Clostridium perfringens alpha toxin

Clinical significance

This toxin has been shown to be the key virulence factor in infection with C. perfringens; the bacterium is unable to cause disease without this toxin. Further, vaccination against the alpha toxin toxoid protects mice against C. perfringens gas gangrene. As a result, knowledge about the function of this particular protein greatly aids understanding of myonecrosis.

Structure and homology

The alpha toxin has remarkable similarity to toxins produced by other bacteria as well as natural enzymes. There is significant homology with phospholipase C enzymes from Bacillus cereus, C. bifermentans, and Listeria monocytogenes. The C terminal domain shows similarity with non-bacterial enzymes such as pancreatic lipase, soybean lipoxygenase, and synaptotagmin I.

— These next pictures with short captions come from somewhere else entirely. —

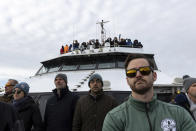 Guests observe the first operating South Fork Wind farm turbine, Thursday, Dec. 7, 2023, 35 miles east of Montauk Point, N.Y., during a tour organized by Orsted. The turbine at the commercial-scale offshore wind farm is producing power for the U.S. electric grid for the first time. (AP Photo/Julia Nikhinson)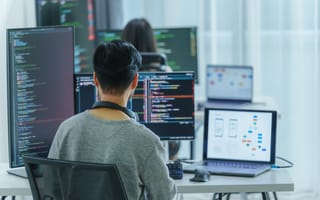 A person sits at a desk with multiple monitors displaying code and diagrams. The setting is a bright office environment, conveying a focused, tech-driven atmosphere.
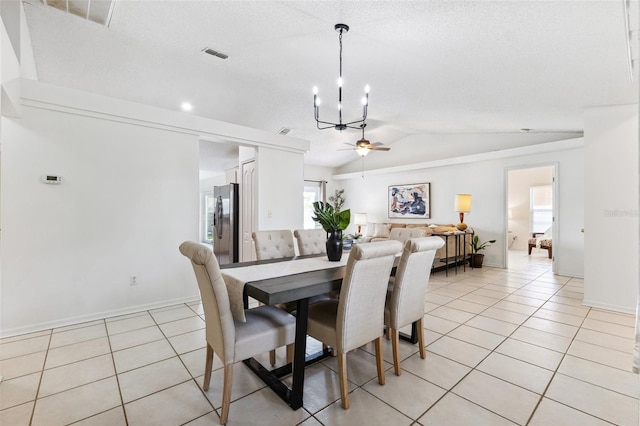 11510 92nd Way, Largo, FL 33773 - dining area featuring a chandelier, vaulted ceiling, light tile patterned floors, a ceiling fan, and baseboards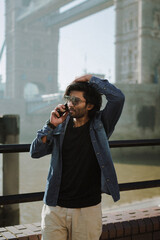 Handsome stylish guy from India calling by phone near the Tower Bridge London.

The alpha toxin is a zinc metallophospholipase, requiring zinc for activation. First, the toxin binds to a binding site on the cell surface. The C-terminal C2-like PLAT domain binds calcium and allows the toxin to bind to the phospholipid head-groups on the cell surface. The C-terminal domain enters the phospholipid bilayer. The N-terminal domain has phospholipase activity. This property allows hydrolysis of phospholipids such as phosphatidyl choline, mimicking endogenous phospholipase C. The hydrolysis of phosphatidyl choline produces diacylglycerol, which activates a variety of second messenger pathways. The end-result includes activation of arachidonic acid pathway and production of thromboxane A₂, production of IL-8, platelet-activating factor, and several intercellular adhesion molecules. These actions combine to cause edema due to increased vascular permeability.